Measuring Internet Routing from the Most Valuable Points
Thomas Alfroy, Thomas Holterbach, Thomas Krenc, KC Claffy, Cristel Pelsser
TL;DR
The paper addresses the challenge that data from thousands of BGP vantage points (VPs) in RIPE RIS and RouteViews grow quadratically in volume, making analysis costly and prone to redundancy. It introduces MVP, a general redundancy-aware framework that quantifies how similar VP observations are and selects a subset of VPs that minimizes redundancy while preserving analytical utility across multiple routing analyses. MVP demonstrates improved coverage and accuracy for four canonical tasks (AS relationship inference, AS rank, hijack detection, and routing detours) using the same data volume, and it shows substantial positive impact when re-applying to prior studies.
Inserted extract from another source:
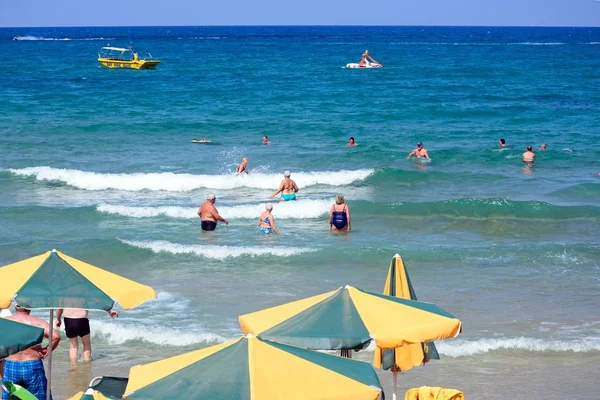 Turistas relajándose en el mar con sombrillas en primer plano, Stalida, Creta . — Foto de Stock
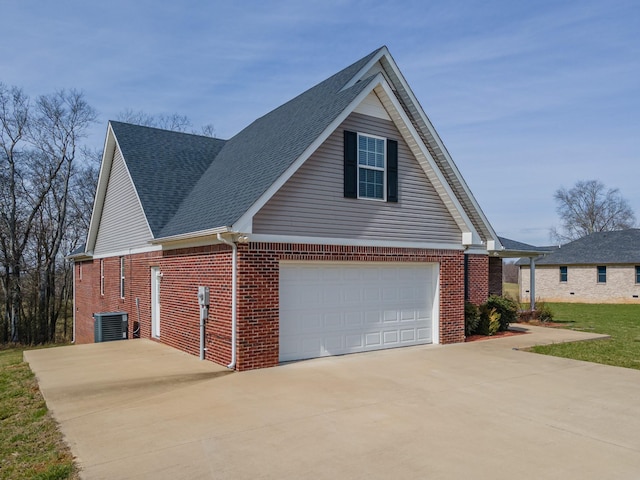 view of side of home featuring a garage and cooling unit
Deployed as bgproutes.io, MVP offers a scalable, data-driven approach to VP selection that can reduce processing costs and enable broader, more reliable Internet routing measurements, with potential applicability to other data-collection ecosystems.
Abstract
While the increasing number of Vantage Points (VPs) in RIPE RIS and RouteViews improves our understanding of the Internet, the quadratically increasing volume of collected data poses a challenge to the scientific and operational use of the data. The design and implementation of BGP and BGP data collection systems lead to data archives with enormous redundancy, as there is substantial overlap in announced routes across many different VPs. Researchers thus often resort to arbitrary sampling of the data, which we demonstrate comes at a cost to the accuracy and coverage of previous works. The continued growth of the Internet, and of these collection systems, exacerbates this cost. The community needs a better approach to managing and using these data archives. We propose MVP, a system that scores VPs according to their level of redundancy with other VPs, allowing more informed sampling of these data archives. Our challenge is that the degree of redundancy between two updates depends on how we define redundancy, which in turn depends on the analysis objective. Our key contribution is a general framework and associated algorithms to assess redundancy between VP observations. We quantify the benefit of our approach for four canonical BGP routing analyses: AS relationship inference, AS rank computation, hijack detection, and routing detour detection. MVP improves the coverage or accuracy (or both) of all these analyses while processing the same volume of data.